Data for this task:
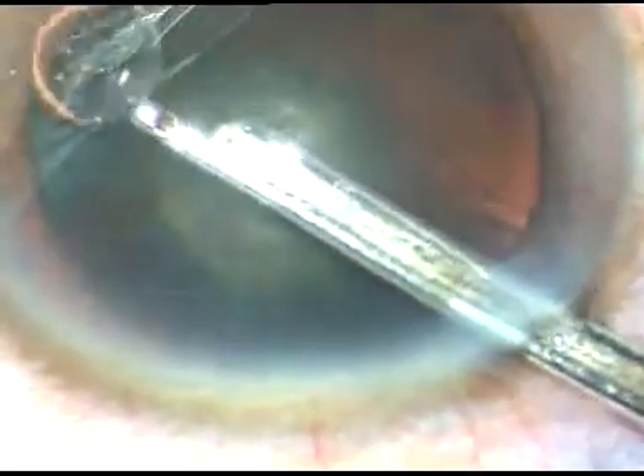Now, in this case, I am going to do an adequately sized capsulorhexis. The rhexis size I aim for is 5 mm, or between 5 and 5.5 mm.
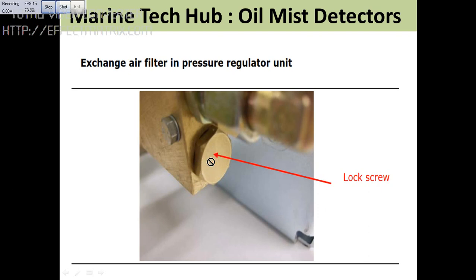One more important thing is there is a filter here in the line. For the pressure regulating, there is a filter, so you have to remove the lock screw and then clean the lock filter here.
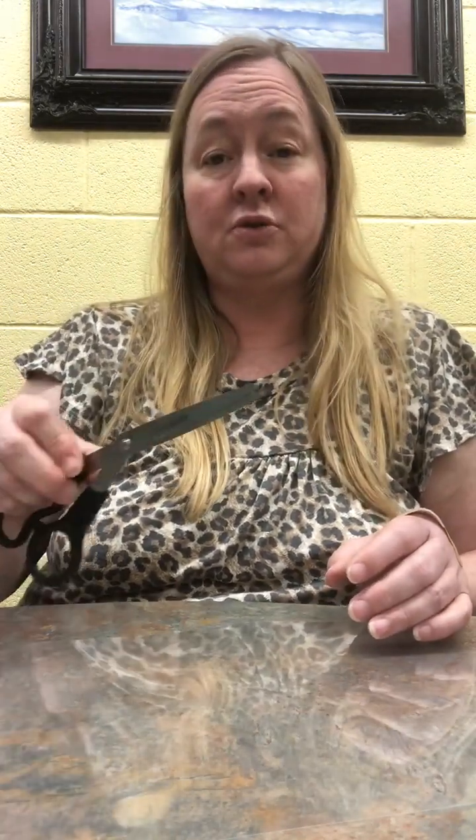You will need some flowers. I'm using these small silk flowers, but you can use real flowers. Depending on how big you want your sun catcher depends on how big you want your flowers. You'll also need a hole puncher, some scissors, and yarn, jute string, or just whatever you have available. I'm not going to use all of this, so I'm going to cut it in half. This is my self-laminating paper.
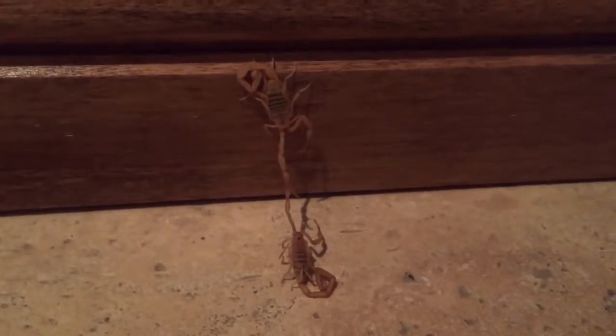She'll have the babies live — they give live birth — and then the babies crawl up on the mother's back and ride around on her until they're big enough to fend for themselves. I hate to disrupt these two but they are in the house and I've got to get them out of the house.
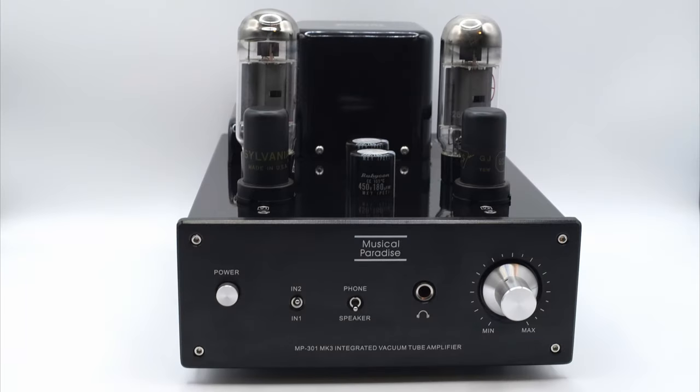Hello there, and welcome back to The Neighborhood. We're taking a look at a little dynamo of a tube amplifier, the Musical Paradise MP301. This thing is seriously small, but packs a big punch for high-efficiency speakers. Let's get into it.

Your task:
Omitting the images, transcribe every record exactly.

Completed task:
Now, in this case, I am going to do an adequately sized capsulorhexis. The rhexis size I aim for is 5 mm, or between 5 and 5.5 mm.
One more important thing is there is a filter here in the line. For the pressure regulating, there is a filter, so you have to remove the lock screw and then clean the lock filter here.
You will need some flowers. I'm using these small silk flowers, but you can use real flowers. Depending on how big you want your sun catcher depends on how big you want your flowers. You'll also need a hole puncher, some scissors, and yarn, jute string, or just whatever you have available. I'm not going to use all of this, so I'm going to cut it in half. This is my self-laminating paper.
She'll have the babies live — they give live birth — and then the babies crawl up on the mother's back and ride around on her until they're big enough to fend for themselves. I hate to disrupt these two but they are in the house and I've got to get them out of the house.
Hello there, and welcome back to The Neighborhood. We're taking a look at a little dynamo of a tube amplifier, the Musical Paradise MP301. This thing is seriously small, but packs a big punch for high-efficiency speakers. Let's get into it.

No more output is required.